Based on what I know about Japanese society (never been there), it is a culture which prizes conformity, “everyone doing the exact same thing”. Conversion to anything that isn’t in step with how the vast majority of people do things, wouldn’t be something that would ordinarily occur to a Japanese person. This said, miracles of grace do take place, and before the war, Nagasaki had a large Catholic population.

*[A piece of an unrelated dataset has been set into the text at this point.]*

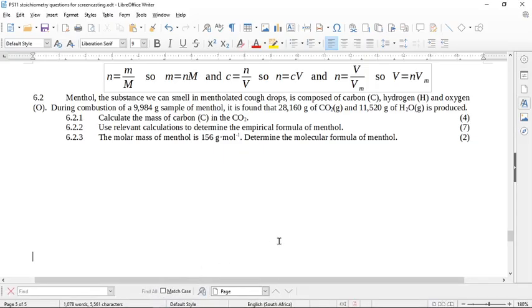Grade 11. Let's look at the second part of this question — I think it's from November 2015. This question is a little bit more complicated, so I separated it out from the first half, which is quite straightforward.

In all fairness, there are wide swaths of the United States that are essentially monocultures, and in the 1950s, conformity was the coin of the realm. This deeply influenced Catholics in this country — they wanted to be the same as the majority, not to be a ghettoized “culture within a culture” with strange beliefs and customs that weren’t shared by society at large.
 
The Japanese religious tradition is very eclectic and unlike the religions we’re familiar with in the West, the Japanese don’t regard different religions as mutually incompatible. So it’s not unusual to go into a Buddhist temple and see statues of Shinto deities on display there, and vice versa. My mother-in-law is a Japanese Christian, and even I was surprised that she had taken up the project of memorizing the Lotus Sutra, presumably as a spiritual exercise. So given this tradition of eclecticism, syncretism and unwillingness to reject all that came before in favor of a new religion, it’s very hard to imagine a religion like Christianity or Islam coming in and replacing all the other religions; the best you could hope for would be that it settles harmoniously into the pre-existing religious ecosystem.
 
Still today some people are uncomfortable being ‘openly’ Christian in Japan. I think partly to do with cultural aspects and partly to do with the history of Christianity in the country. When Christianity was banned, a lot of it slipped underground and to an extent, stays underground.

I think perhaps also in Japan Christianity has adapted into Japanese culture, rather than the other way around, so it co-exists with Shinto and Buddhism.